*** Opening DATA FOR REVIEW ***

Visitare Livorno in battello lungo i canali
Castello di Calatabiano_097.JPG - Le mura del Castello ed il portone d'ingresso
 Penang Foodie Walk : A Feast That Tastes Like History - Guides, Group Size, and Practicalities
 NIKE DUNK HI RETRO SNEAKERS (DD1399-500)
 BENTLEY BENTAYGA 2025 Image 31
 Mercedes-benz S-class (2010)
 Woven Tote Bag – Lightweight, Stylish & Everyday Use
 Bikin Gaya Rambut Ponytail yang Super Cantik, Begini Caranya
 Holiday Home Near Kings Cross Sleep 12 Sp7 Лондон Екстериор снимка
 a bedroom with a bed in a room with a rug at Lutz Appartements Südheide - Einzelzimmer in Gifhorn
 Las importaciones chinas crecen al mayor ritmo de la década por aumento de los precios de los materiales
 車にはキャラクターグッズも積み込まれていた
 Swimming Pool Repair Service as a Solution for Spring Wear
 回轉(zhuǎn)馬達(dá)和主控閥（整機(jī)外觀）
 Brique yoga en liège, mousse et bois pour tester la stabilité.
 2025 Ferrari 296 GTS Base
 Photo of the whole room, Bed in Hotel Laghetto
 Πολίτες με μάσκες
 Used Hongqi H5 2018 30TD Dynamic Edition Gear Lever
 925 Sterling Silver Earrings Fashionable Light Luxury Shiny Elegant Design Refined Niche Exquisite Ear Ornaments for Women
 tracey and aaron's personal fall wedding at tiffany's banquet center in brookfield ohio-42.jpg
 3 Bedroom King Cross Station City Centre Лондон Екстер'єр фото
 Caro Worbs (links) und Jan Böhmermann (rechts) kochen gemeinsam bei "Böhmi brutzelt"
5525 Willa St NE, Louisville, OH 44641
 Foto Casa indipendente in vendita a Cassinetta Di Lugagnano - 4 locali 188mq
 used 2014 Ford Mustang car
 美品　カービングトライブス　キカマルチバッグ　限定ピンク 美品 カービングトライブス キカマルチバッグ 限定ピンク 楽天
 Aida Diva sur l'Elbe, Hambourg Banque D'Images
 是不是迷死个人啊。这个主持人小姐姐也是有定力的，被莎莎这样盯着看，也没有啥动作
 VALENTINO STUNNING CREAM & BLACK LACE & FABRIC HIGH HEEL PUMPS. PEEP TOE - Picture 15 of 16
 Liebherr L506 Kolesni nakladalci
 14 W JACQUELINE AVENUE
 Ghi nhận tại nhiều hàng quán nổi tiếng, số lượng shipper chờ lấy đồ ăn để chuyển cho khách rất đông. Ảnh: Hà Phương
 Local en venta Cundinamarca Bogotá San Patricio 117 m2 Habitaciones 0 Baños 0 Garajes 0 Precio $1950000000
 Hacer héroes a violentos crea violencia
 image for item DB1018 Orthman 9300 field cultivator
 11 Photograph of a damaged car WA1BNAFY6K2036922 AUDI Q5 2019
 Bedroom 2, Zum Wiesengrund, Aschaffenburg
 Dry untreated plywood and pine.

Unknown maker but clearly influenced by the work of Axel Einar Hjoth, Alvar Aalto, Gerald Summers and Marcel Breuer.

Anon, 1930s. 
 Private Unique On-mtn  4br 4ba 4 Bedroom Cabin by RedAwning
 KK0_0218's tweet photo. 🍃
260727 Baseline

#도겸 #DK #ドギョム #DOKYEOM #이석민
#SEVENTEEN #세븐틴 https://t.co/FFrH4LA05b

*** Closing DATA FOR REVIEW ***

*THE PROBLEM:* Where does "Лондон" appear in the records above? Copy every line that has it.

*REPLY:*
 Holiday Home Near Kings Cross Sleep 12 Sp7 Лондон Екстериор снимка
 3 Bedroom King Cross Station City Centre Лондон Екстер'єр фото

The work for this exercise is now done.